In behavioral psychology, negative reinforcement and punishment are forms of control that are meant to modify behavior. This similarity is perhaps why it’s confusing to tell one from the other. This article will help shed some light on the difference between these two.
|Behavior is increased||Behavior is reduced or stopped|
|Removal of aversive event or avoidance of unpleasant stimuli||Addition of unpleasant event or removal of pleasant stimulus|
|Not used in punishment||Used in negative reinforcement|
Negative reinforcement occurs when a behavior is modified by the removal of an aversive event or the prevention of unpleasant stimuli from happening. The objective in negative reinforcement is to increase the occurrence of a behavior with the help a negative reinforcer. Hence, a behavior is learned and retained to avoid or remove the negative stimulus.
An aversive event is any event that can cause an organism or an individual to avoid a behavior, a situation, or a thing. Examples of aversive events would be a mother nagging a child, physical or emotional pain, or a boss removing employee incentives, to name a few. Physical and verbal punishment may apply in negative reinforcement.
A mother scolds her child for not keeping his room clean on a regular basis. The child then learns to be consistent in keeping his room tidy to avoid the unpleasant scolding by his mother. The scolding serves as the negative reinforcer or the aversive stimulus which the child wants to avoid. As a result, the child’s behavior becomes consistent and is reinforced by the need to avoid the scolding.
In behavioral psychology, punishment occurs when a consequence is immediately imposed upon a person or a group in response to an undesirable behavior. The punishment is meant to suppress this undesirable behavior or action. A common misconception about punishment is that it is always associated with an aversive consequence, which is not always the case. Similar to reinforcement, a stimulus can either be removed or added to decrease the chances of the target behavior from happening again.
Punishment is classified into two types: positive and negative punishment. Positive punishment involves adding or introducing an unpleasant stimulus to stop the action or behavior. A good example would be a child jumping on the bed who stops after being yelled at by an older sibling. The yelling acted as a positive punishment as it was “introduced” by the older sibling. When a stimulus is taken away to suppress a behavior, it is then considered as a negative punishment.

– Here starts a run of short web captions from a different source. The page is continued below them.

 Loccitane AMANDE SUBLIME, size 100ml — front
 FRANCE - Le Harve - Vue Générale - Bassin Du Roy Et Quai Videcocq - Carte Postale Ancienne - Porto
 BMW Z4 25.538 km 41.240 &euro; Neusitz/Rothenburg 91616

Negative Reinforcement vs Punishment
So what’s the difference between negative reinforcement and punishment? While distinguishing negative reinforcement from punishment is almost like splitting hairs, one thing is certain; they differ in their consequences.

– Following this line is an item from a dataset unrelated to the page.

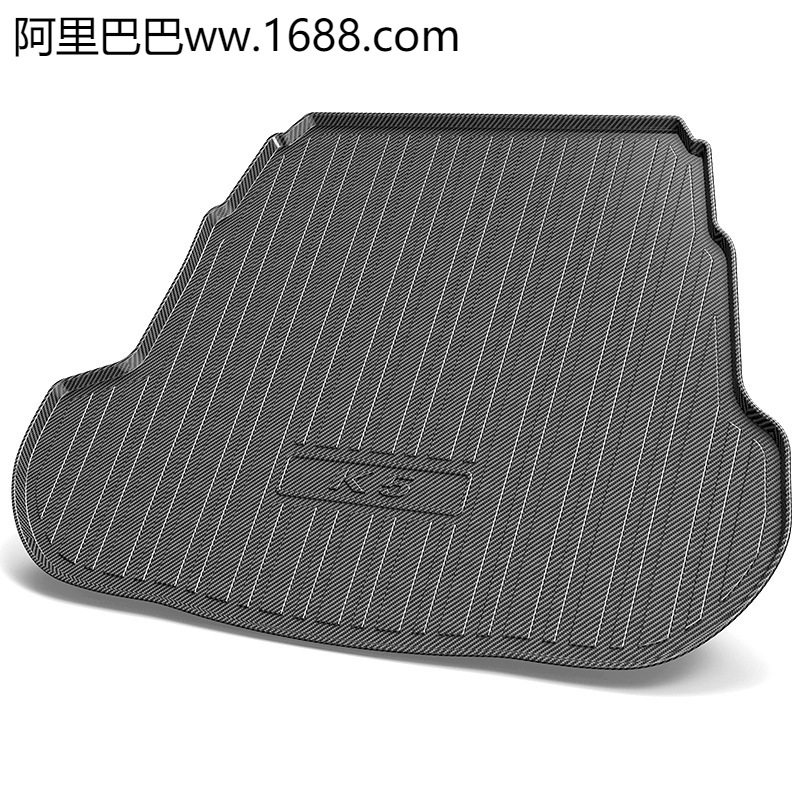 起亚K5凯酷专用TPE后备箱垫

Negative reinforcement happens when the occurrence of a behavior increases because of the removal of an aversive event or the avoidance of an unpleasant stimuli. The objective in negative reinforcement is to increase the likelihood of a desired behavior to recur in a similar situation. On the other hand, punishment is about reducing or stopping the occurrence of an undesirable behavior by either adding an unpleasant event (positive punishment) or removing a pleasant stimulus (negative punishment). Here, the objective is to decrease or completely stop an unwanted behavior.